:: Supplied records ::

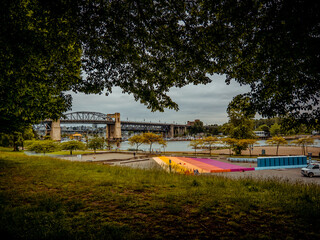 Obraz premium View of Burrard Bridge and English Bay Beach in Vancouver, Canada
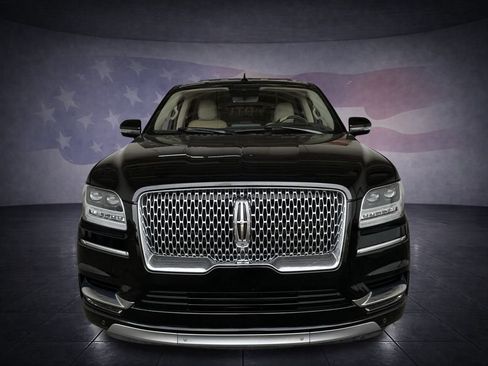 Used 2018 Lincoln Navigator Select w/ Technology Package image 8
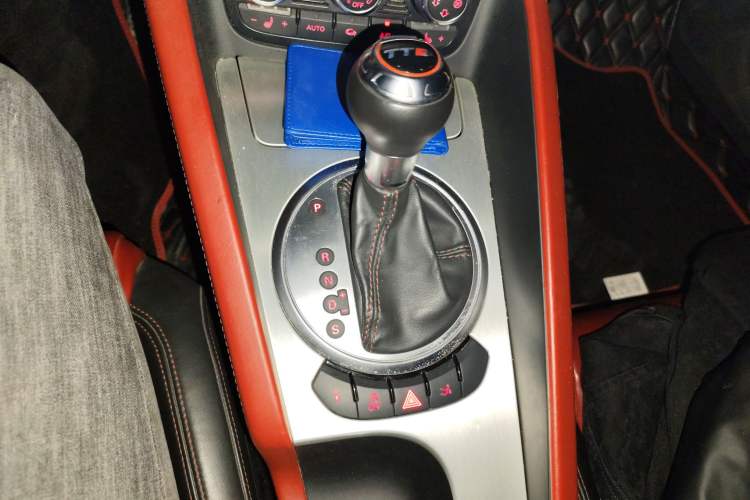 Used Audi TTS 2013 TTS Coupe 2.0TFSI quattro Gear Lever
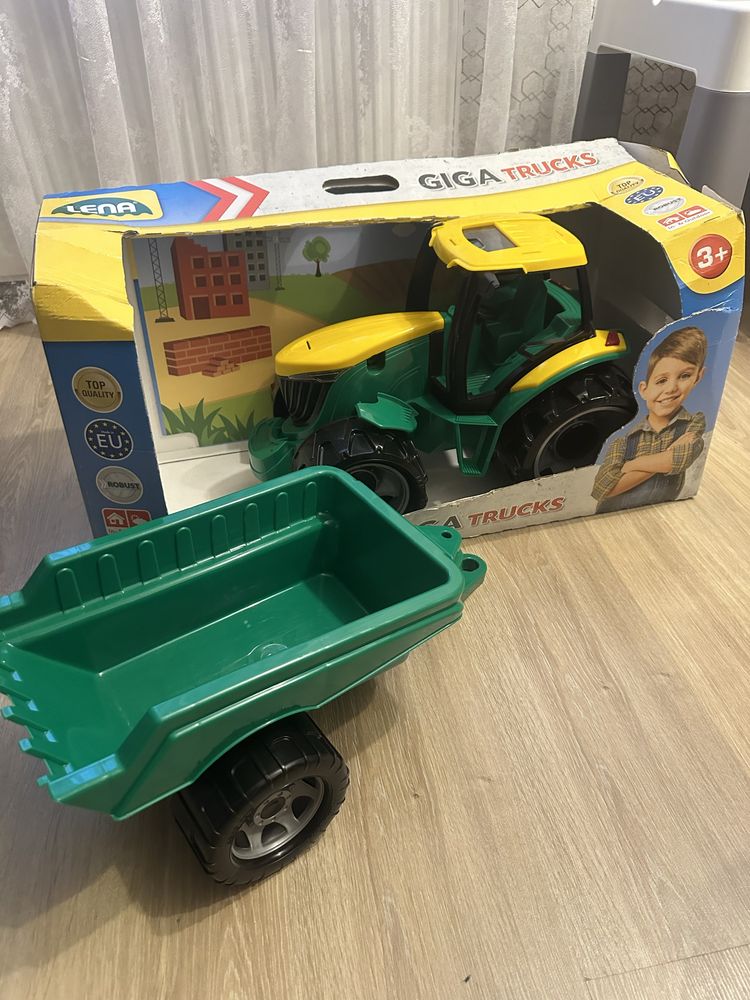 Трактор іграшковий з причепом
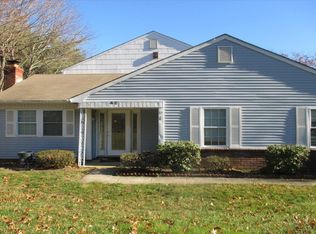 42 Federal Ln, Coram, NY 11727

:::

To do
Each entry above is to be duplicated exactly, and its pictures omitted.

Output for this task
 Obraz premium View of Burrard Bridge and English Bay Beach in Vancouver, Canada
 Used 2018 Lincoln Navigator Select w/ Technology Package image 8
 Used Audi TTS 2013 TTS Coupe 2.0TFSI quattro Gear Lever
 Трактор іграшковий з причепом
 42 Federal Ln, Coram, NY 11727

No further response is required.